Va ricordato che nelle scorse elezioni politiche del 2013, con il cosiddetto Porcellum, a scendere in pista furono molte più liste: 47 alla Camera e 58 al Senato. Ma la nuova legge elettorale (Rosatellum), a differenza del Porcellum, prevede che una piccola lista che supera l’1% a livello nazionale contribuisce con i suoi voti alla ripartizione dei seggi all’interno della coalizione. E per questo candidati di +Europa, Insieme, Civica Popolare e Noi con l’Italia, in base agli accordi elettorali, sono stati piazzati in collegi uninominali considerati “sicuri”. Ecco perché, a differenza delle liste che corrono da sole, dovrebbero eleggere deputati e senatori anche nel caso in cui non raggiungessero il 3% a livello nazionale.

Le liste locali
Sono varie le liste, “non apparentate”, che si presentano solo in poche regioni. O che hanno deciso di presentarsi solo alla Camera o al Senato. Gli autonomisti di Autoderminatzione si presentano in Sardegna. Mentre il movimento Siamo (al primo punto l’abolizione della legge sull’obbligatorietà vaccinale nelle scuole) e Rinascimento-Mir solo in Friuli Venezia Giulia. Gli autonomisti di Grande Nord corrono alla Camera in Lombardia e Veneto, e al Senato in Piemonte e Veneto. E il Blocco nazionale per le libertà mette in pista i suoi candidati solo alla Camera in Friuli, Lazio, Lombardia e Molise. La Democrazia Cristiana di Giovanni Fontana presenta liste nel Lazio al Senato. Mentre i Forconi, insieme a Destre Unite, puntano a palazzo Madama in Emilia-Romagna e Calabria. Da segnalare la lista Sms-Stato moderno solidale che corre solo al Senato in Basilicata. E il Patto per l’autonomia presente esclusivamente in Friuli, sempre al Senato.

Le liste a sinistra
A sinistra, oltre a Liberi e Uguali, è confermata la presenza della lista dell’ex magistrato Antonio Ingroia, che si presenta a questa tornata elettorale con una formazione politica intitolata Lista del popolo per la Costituzione.

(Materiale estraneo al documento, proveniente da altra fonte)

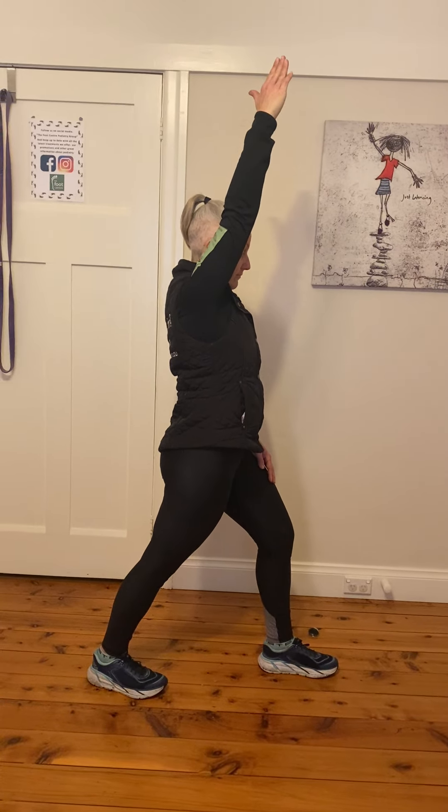Then you're going to raise up, your right hand nice and straight. You're going to lean slightly forward and tilt to the side until you can feel that stretch. And you want to hold that for 30 seconds if you can, and then change sides.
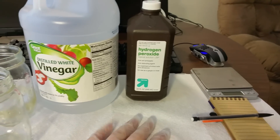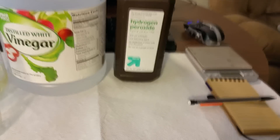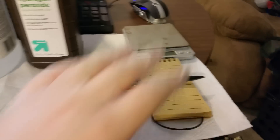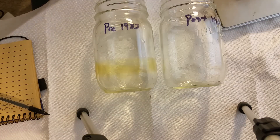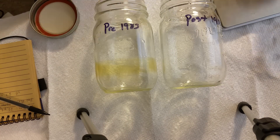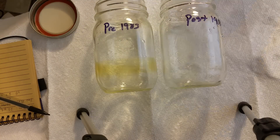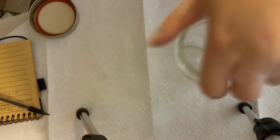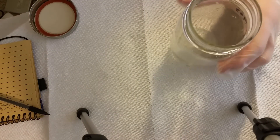You have two beakers — one filled with 1983 and before pennies, and the other containing modern pennies. Both beakers were filled with about 27 grams of pennies, then filled with equal parts distilled vinegar and 3% hydrogen peroxide. What you should see is the evolution of oxygen gas as the reaction proceeds. These two solutions were then allowed to sit overnight.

Ma corrono quasi ovunque, tra Camera e Senato, anche Potere al popolo, Per una sinistra rivoluzionaria, nonché il Partito comunista dell’ex Pdci Marco Rizzo

Le liste a destra
A destra piazza le sue liste sia alla Camera che al Senato Casa Pound (guidata da Simone di Stefano), che punta espressamente a abbandonare l’euro. E così pure Italia agli italiani (dentro ci sono Forza Nuova e Fiamma Tricolore) guidata da Roberto Fiore, che parla di «resistenza nazionale contro l’invasione in corso» di migranti.